═══ Provided data

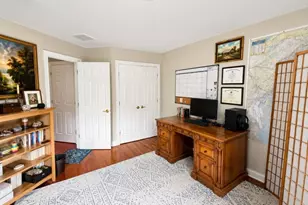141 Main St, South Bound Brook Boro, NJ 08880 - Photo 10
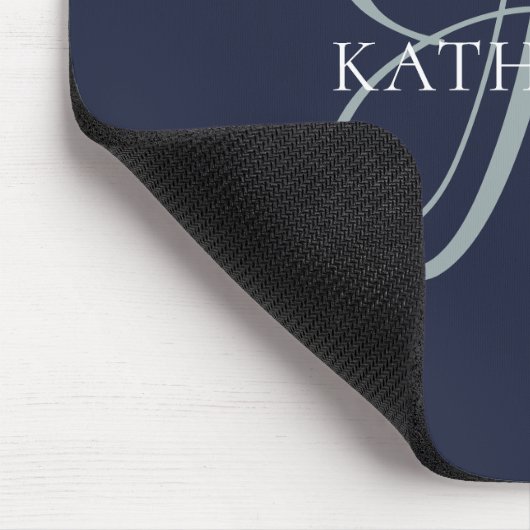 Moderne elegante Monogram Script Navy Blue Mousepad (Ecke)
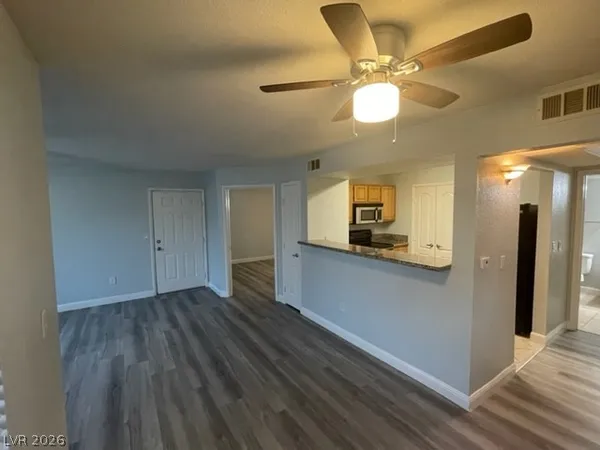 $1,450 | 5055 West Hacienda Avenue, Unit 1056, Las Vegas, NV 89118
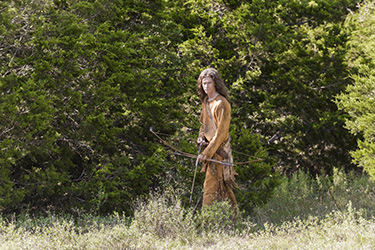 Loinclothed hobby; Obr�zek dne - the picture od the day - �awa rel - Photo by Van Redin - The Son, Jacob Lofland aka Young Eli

══════
═══ Provided data

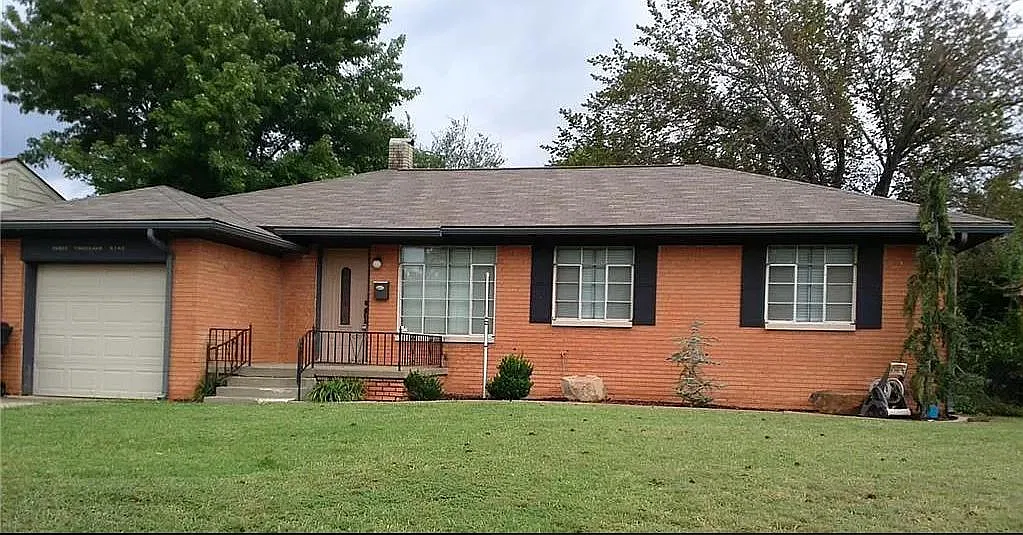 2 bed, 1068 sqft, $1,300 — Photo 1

══════
═══ Provided data

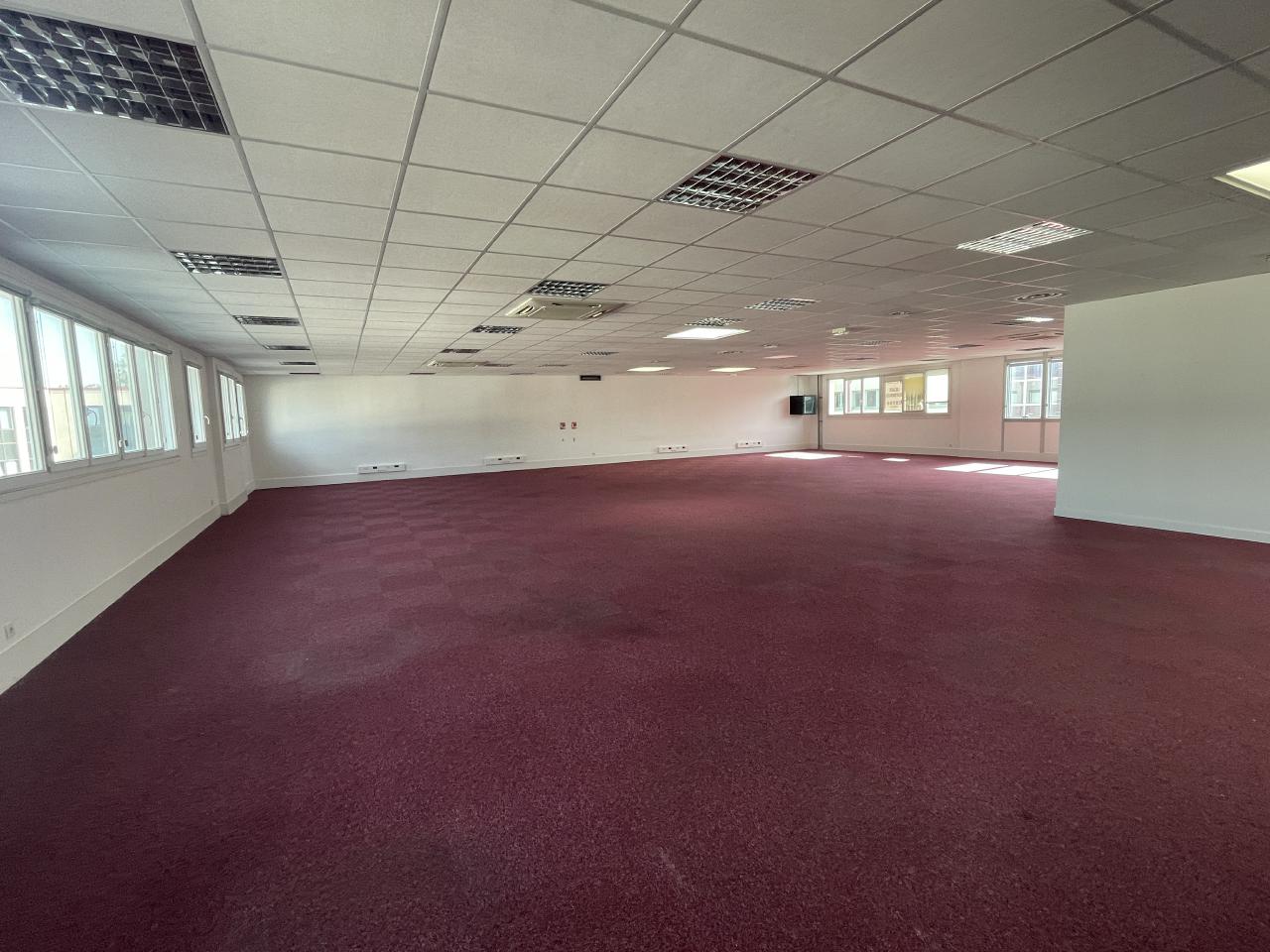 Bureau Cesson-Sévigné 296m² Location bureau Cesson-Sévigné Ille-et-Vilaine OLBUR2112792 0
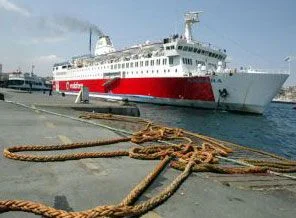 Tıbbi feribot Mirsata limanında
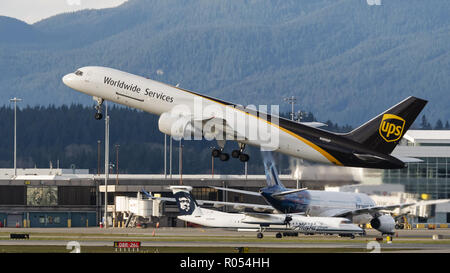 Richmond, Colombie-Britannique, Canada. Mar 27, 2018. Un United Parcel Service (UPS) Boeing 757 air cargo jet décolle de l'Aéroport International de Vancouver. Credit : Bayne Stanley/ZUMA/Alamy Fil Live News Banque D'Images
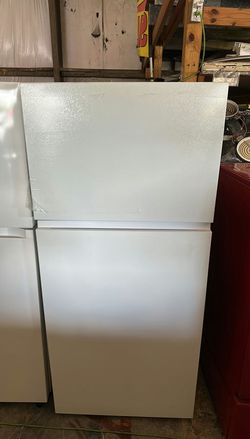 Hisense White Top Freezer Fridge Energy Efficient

══════

Work order:
Lines wanted from the entries above: the one with "Richmond, Colombie-Britannique, Canada.", the one with "Hisense White Top", and all lines between. Please copy them exactly, without the pictures and without anything else.

Exercise output:
 Richmond, Colombie-Britannique, Canada. Mar 27, 2018. Un United Parcel Service (UPS) Boeing 757 air cargo jet décolle de l'Aéroport International de Vancouver. Credit : Bayne Stanley/ZUMA/Alamy Fil Live News Banque D'Images
 Hisense White Top Freezer Fridge Energy Efficient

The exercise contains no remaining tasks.